Nils Petersen, however, was one of those players likely on the fence. The lack of striker options since the respective retirements of Mario Gomez and Sandro Wagner is a bit scary. Wagner was so distraught after his omission from the World Cup squad that he abruptly retired, which is unfortunate because he may have had a strong case as a choice over Petersen. The SC Freiburg man didn’t exactly wow anyone in the friendlies leading up to the World Cup earlier this summer and would likely have been dropped if any other competent option was available.
Some new names
- Kai Havertz: Most interestingly, the Bayer Leverkusen 19-year old wunderkind got the call up to the senior team.

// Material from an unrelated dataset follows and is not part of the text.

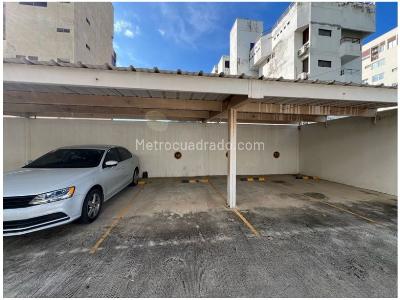 Apartamento en venta en Rodadero, Santa Marta · foto 19 de 20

Havertz is an immense attacking talent and will be joined by Die Werkself teammates Tah and Brandt. Havertz is an attacking midfielder, who may be able to float between any of the forward spots to provide a spark to the German offense. This was a move by Joachim Löw to start the evolution of the squad to a younger version.

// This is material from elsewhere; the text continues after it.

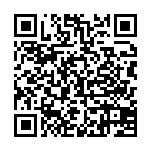 QR Code: http://docs.daz3d.com/doku.php/public/read_me/index/18451/file_list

- Thilo Kehrer: The new PSG man just left Schalke 04, but won’t be out of Germany for long. Kehrer has decent potential, but is likely going to buried on this roster behind more experienced - and frankly - better options.
- Nico Schulz: The inclusion of Schulz assuredly came at the expense of Marvin Plattenhardt, which was not a surprise. Plattenhardt was shaky during the lead up to the World Cup and never really established himself as a roster staple. Schulz, meanwhile, will back-up Hector at left back and hope to make the most of any playing time that he is afforded.
- Sami Khedira: Long considered a favorite of Löw, Khedira was one of the worst players in Russia for Germany during the World Cup. Had Sebastian Rudy not broken his nose, many think Khedira’s spot in the lineup may have been in permanent jeopardy. Dropping Khedira was a good move and only surprising because Löw finally cut ties with the Juventus man.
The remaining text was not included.